The CEO also pointed to fresh data from the second part of the phase 2 study that he said showed zumilokibart “has the potential to be a transformative therapy for patients with differentiated efficacy and dosing in atopic dermatitis and other large I&I indications.”
The data, unveiled alongside the Blackstone agreement, showed that 65.9% of patients treated with mid-dose zumilokibart experienced a 75% or greater reduction in the size and severity of their eczema at 16 weeks. The results hit the study’s primary endpoint and justified Apogee’s plan to take this dose into phase 3.

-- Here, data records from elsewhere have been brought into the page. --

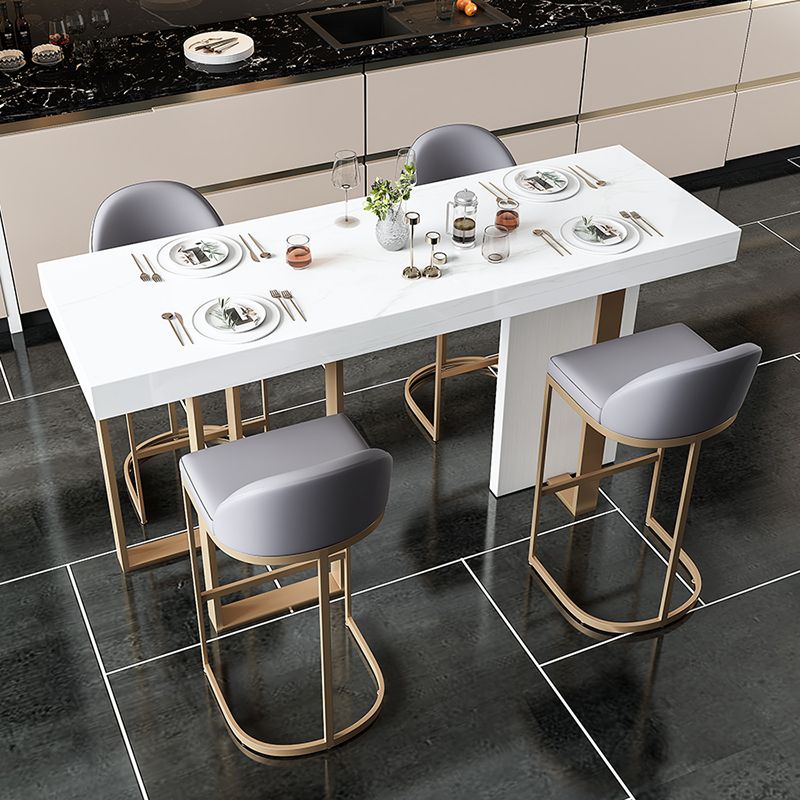 Bucket Faux Leather Dining Stool Low Back Bar Stool with Gold Metal Base Clearhalo 'Bar Furniture' 'Bar Stools' 'bar_stools' 'furn' 'furn_bar_stools' 'Furniture' 'Kitchen & Dining Furniture' 1200x1200_135209e2-5e3f-4dd8-ae4a-d055d0120c35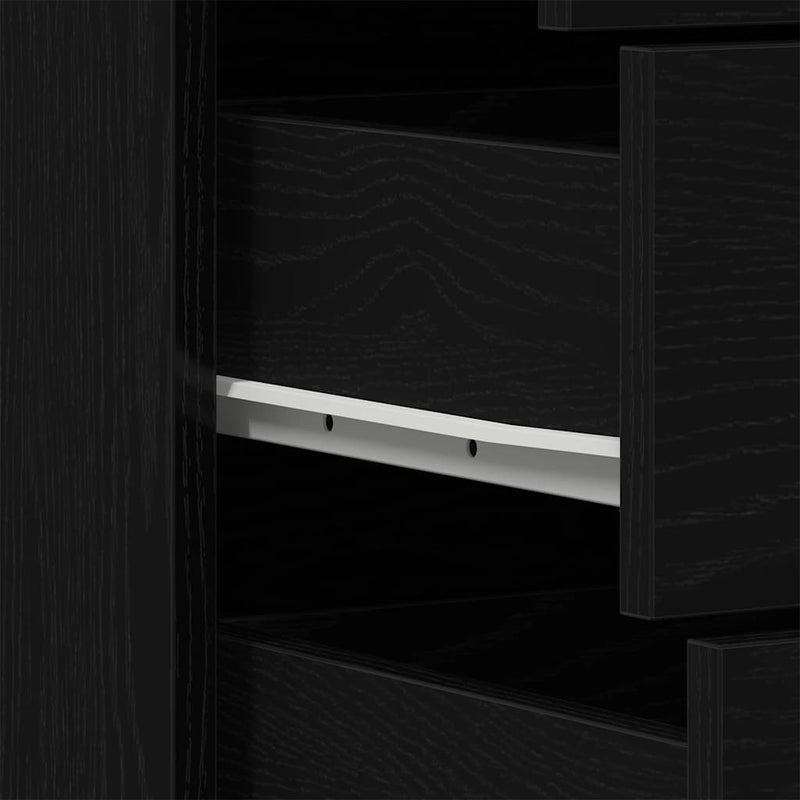 vidaXL fekete tölgy színű szerelt fa komód 6 fiókkal 50 x 34 x 96 cm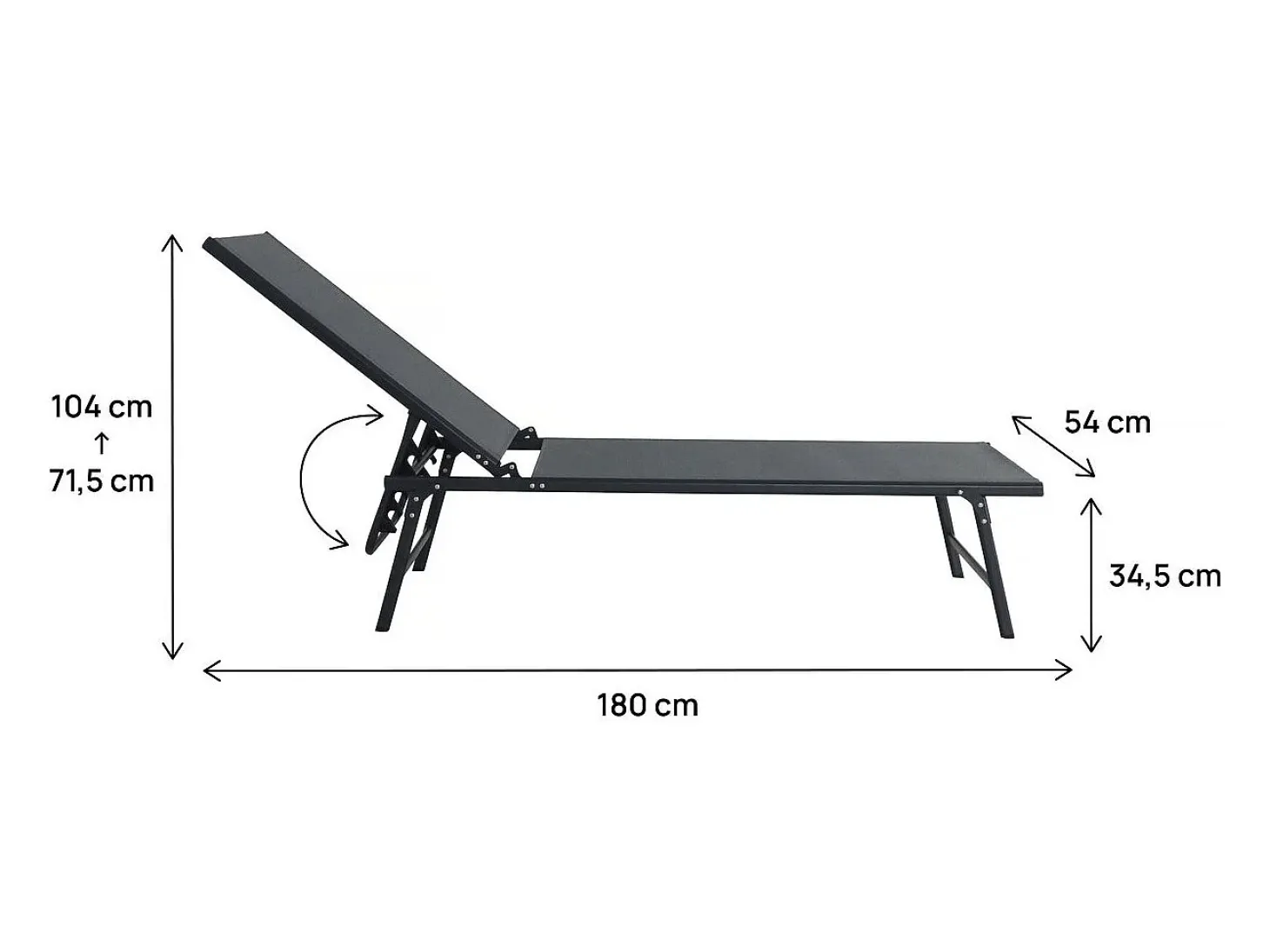 Conjunto de 2 espreguiçadeiras em metal "Sublima" - 180 x 54 x 104 cm - Antracite
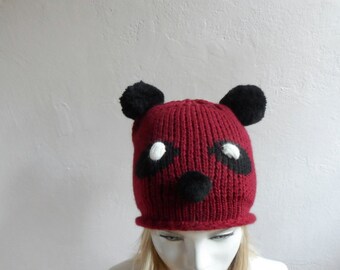 Panda Hat, Burgundy Panda Hat with Pompoms, Knit Hat, Unisex Hat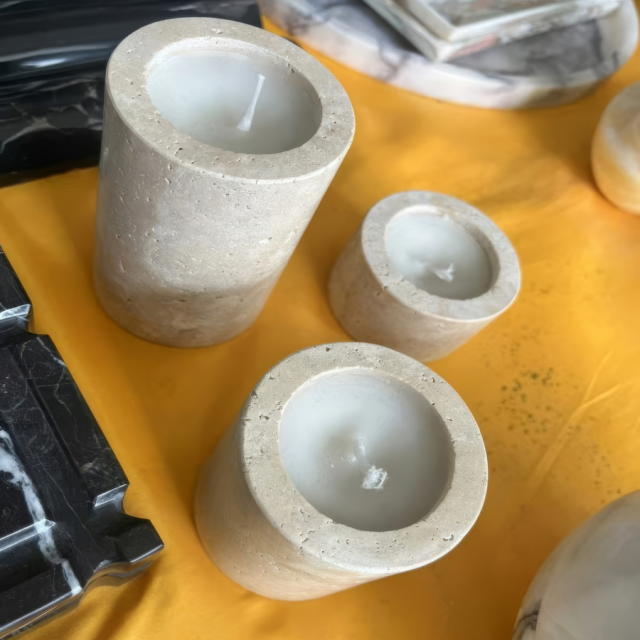 Stones mission.com,Elegant Travertine Candlestick,Xiamen Stones Mission Co.,Ltd,Elegant Travertine Candlestick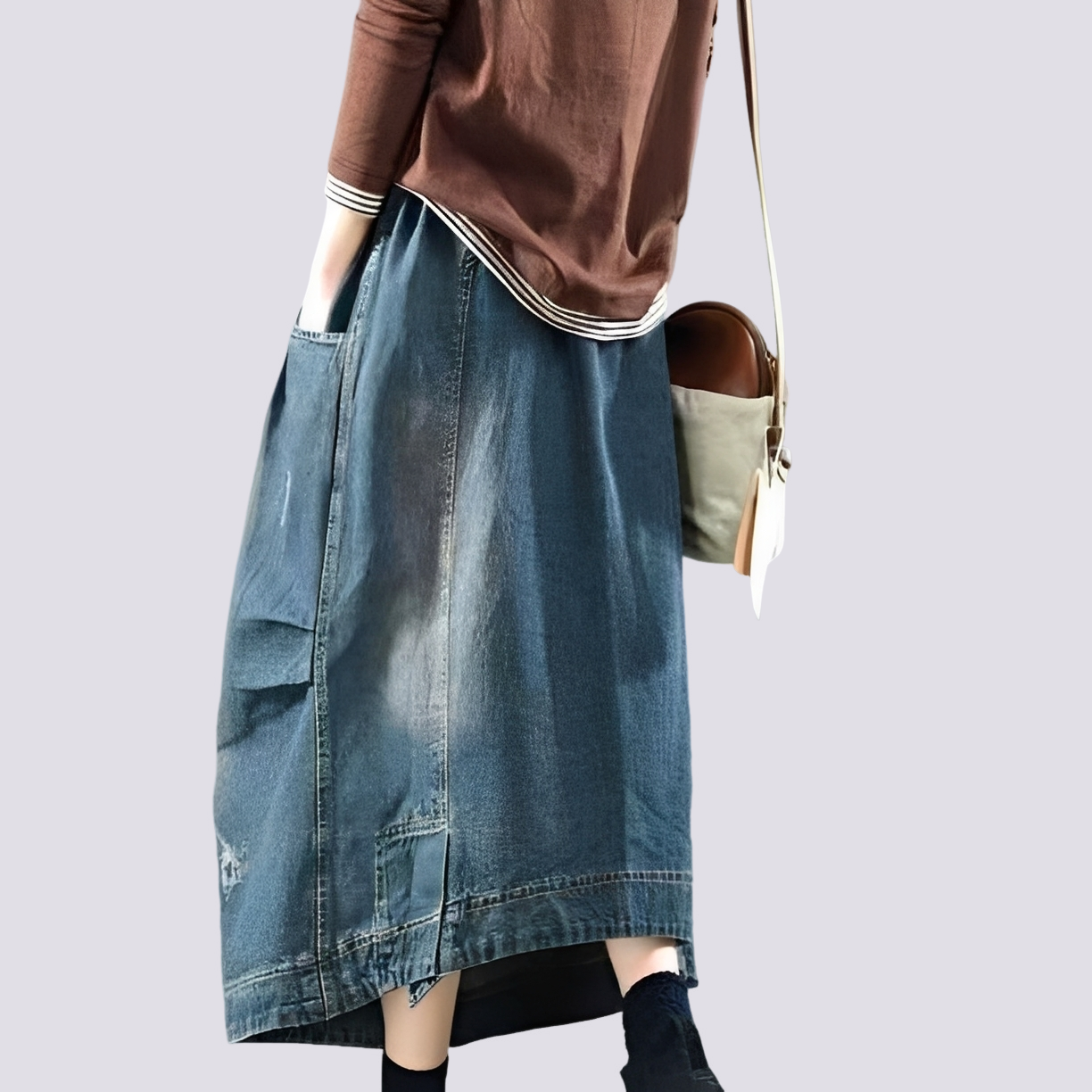 Fiona - Klassischer Jeansrock im Patchwork-Stil für Frauen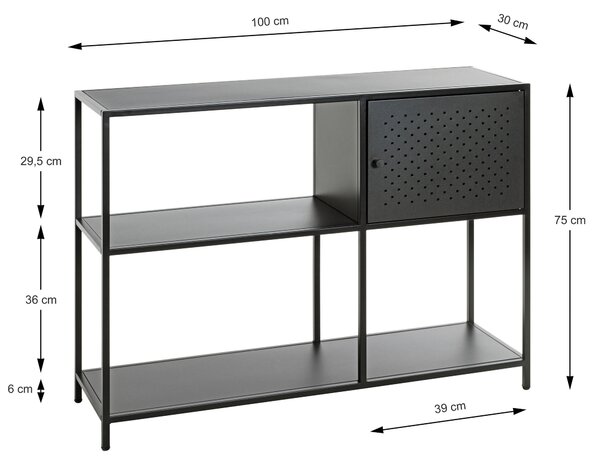 REGÁL, čierna, oceľ, 100/75/30 cm - Online Only drobný nábytok, Online Only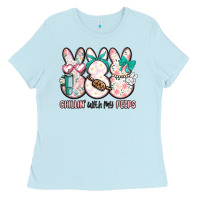 Baby Blue easter chilling with my peeps bunny Ladies Tee - MaliasSmallBusiness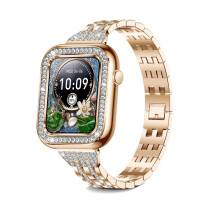 Chronus Smartwatch 1.57'' Women Bluetooth Call  with Female Function Sleep IP67 Waterproof Gold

Apogee has big plans beyond eczema, with Henderson affirming this morning that phase 2 studies in eosinophilic esophagitis and asthma are penciled in for the second half of 2026 and the first half of 2027, respectively.
BXLS Global Head Nicholas Galakatos said the investment firm is “excited to support Apogee’s advancement of zumilokibart through phase 3 development and potential commercialization.”
“Our collaboration with Apogee is a great example of our strategy to provide leading biotechnology companies with non-dilutive financing at scale and the resources and flexibility to further scientific innovation and invest in the advancement of their pipelines,” Galakatos added.
This strategy saw BXLS agree to a $250 million investment earlier this month for Anagram Therapeutics to develop its oral recombinant enzyme replacement therapy for pancreatic insufficiency. The firm also signed off on $400 million in March to help Teva advance its Sanofi-partnered bowel disease drug, and it pledged $700 million last year to support Merck & Co.’s plans for its TROP2-directed antibody-drug conjugate sac-TMT.